Hegel also argues strongly against the epistemological emphasis of modern philosophy from Descartes through Kant, which he describes as having to first establish the nature and criteria of knowledge prior to actually knowing anything, because this would imply an infinite regress, a foundationalism that Hegel maintains is self-contradictory and impossible. Rather, he maintains, we must examine actual knowing as it occurs in real knowledge processes. This is why Hegel uses the term "phenomenology". "Phenomenology" comes from the Greek word for "to appear", and the phenomenology of mind is thus the study of how consciousness or mind appears to itself. In Hegel's dynamic system, it is the study of the successive appearances of the mind to itself, because on examination each one dissolves into a later, more comprehensive and integrated form or structure of mind.

Introduction
Whereas the Preface was written after Hegel completed the Phenomenology, the Introduction was written beforehand.

In the Introduction, Hegel addresses the seeming paradox that we cannot evaluate our faculty of knowledge in terms of its ability to know the Absolute without first having a criterion for what the Absolute is, one that is superior to our knowledge of the Absolute. Yet, we could only have such a criterion if we already had the improved knowledge that we seek.

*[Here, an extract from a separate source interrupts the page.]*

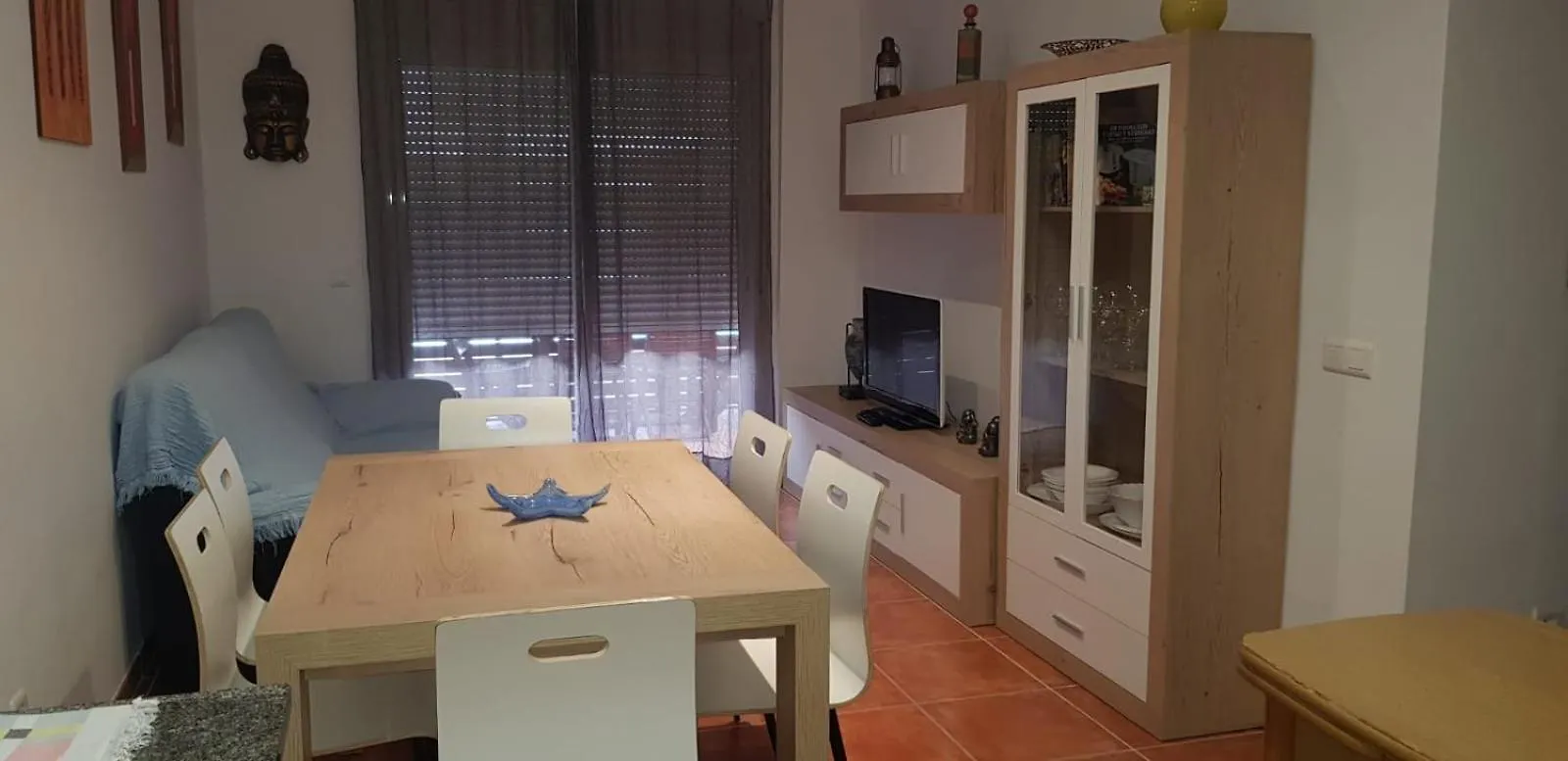 Apartamento Pescadores 莱斯卡瑟斯-达尔卡纳 公寓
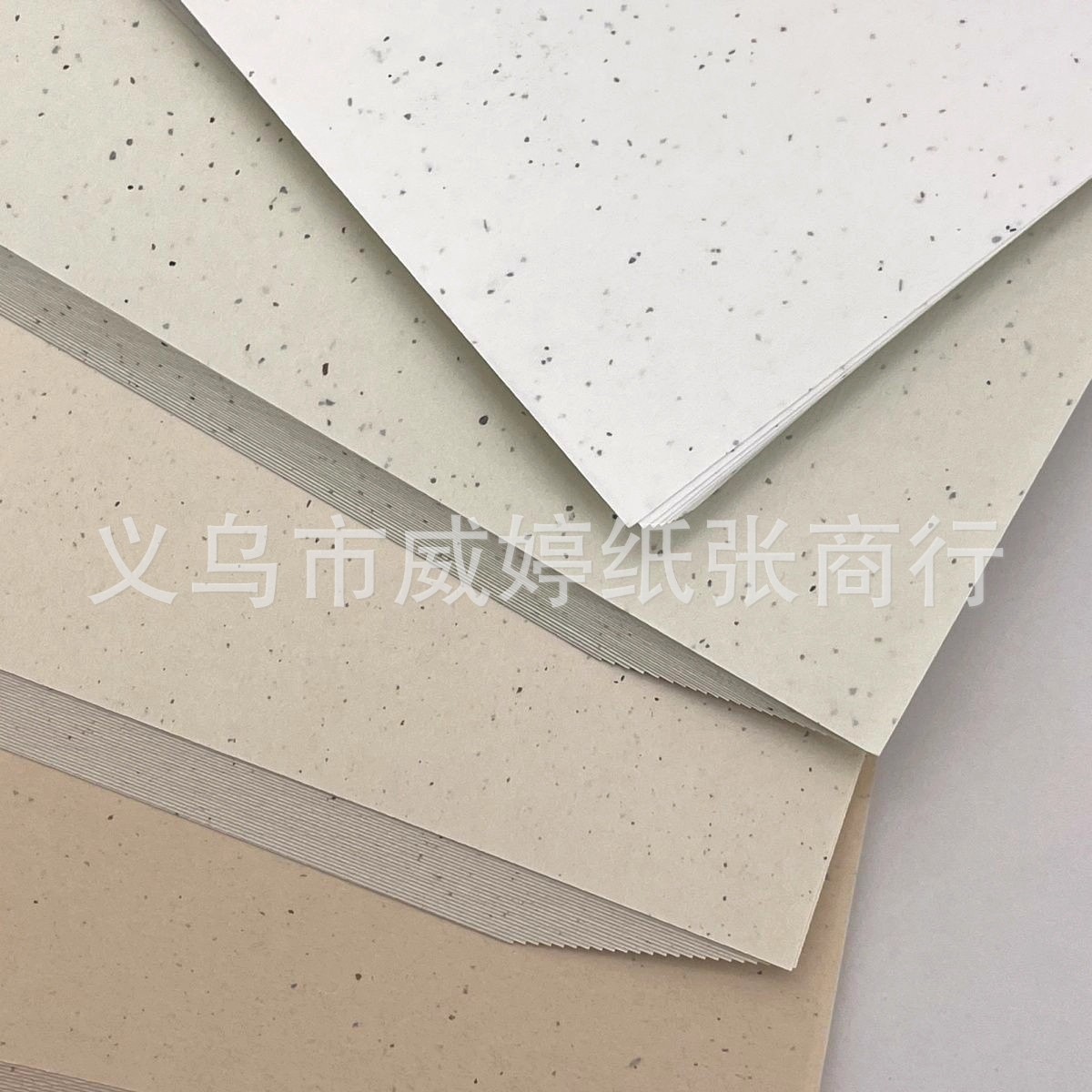 Nuevo 120 / 200 g papel de arena ecológico papel de patrón artístico tarjeta de elevación papel de textura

To resolve this paradox, Hegel adopts a method whereby the knowing that is characteristic of a particular stage of consciousness is evaluated using the criterion presupposed by consciousness itself. At each stage, consciousness knows something, and at the same time distinguishes the object of that knowledge as different from what it knows. Hegel and his readers will simply "look on" while consciousness compares its actual knowledge of the object—what the object is "for consciousness"—with its criterion for what the object must be "in itself". One would expect that, when consciousness finds that its knowledge does not agree with its object, consciousness would adjust its knowledge to conform to its object. However, in a characteristic reversal, Hegel explains that under his method, the opposite occurs.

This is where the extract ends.